Being a landlord is a viable vocation; after all, landlords exist for every rental tenant, and they often thrive financially. Sasha, a former writer for Consumerism Commentary, owns several properties. She shared tips for buying a rental property for prospective landlords based on her own experiences.

For Rent

Succeeding in the business of rental properties requires a certain set of skills and desires, and making a living isn’t always as easy as others would lead you to believe. If you want to earn a living, for example the equivalent of a $50,000 salary, you’ll need to profit more than $4,000 per month. That’s a lot of pressure. Consider these questions and tips before you decide to get into the rental property business to determine if you have what it takes to be a landlord.

Do you like “doing it yourself?”

If you’re a handy person who likes doing your own work around the house — light plumbing, perhaps some construction, yard work, and so on — you might be a good candidate for becoming a landlord. If you’re just starting out, it may be too expensive to handle outside contractors if you expect to turn your rental income into profit. Doing the work yourself saves money.
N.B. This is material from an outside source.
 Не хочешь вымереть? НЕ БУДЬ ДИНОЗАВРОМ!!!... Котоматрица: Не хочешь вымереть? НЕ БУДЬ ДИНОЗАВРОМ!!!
Do you know the right people?

If you plan to expand your property portfolio beyond one or two locations — and if you want to earn a living, you’ll likely need to expand quickly — you’ll reach a point where you can’t handle all the work yourself. You’ll need to call in trusted contractors, and if you have personal relationships with contractors, you’re in a better position to negotiate discounts and enhance your overall profit. These relationships take time to build, and it takes time to find the best people to hire for the work. If you’re able to begin your adventure as a landlord with these relationships already formed, then you’ll be in a much better position.
The same is true about real estate agents. If you have connections in this business, you will have better access to potential tenants, reducing your advertising costs. Word of mouth is incredibly important, and knowing agents can remove some obstacles before you even get started.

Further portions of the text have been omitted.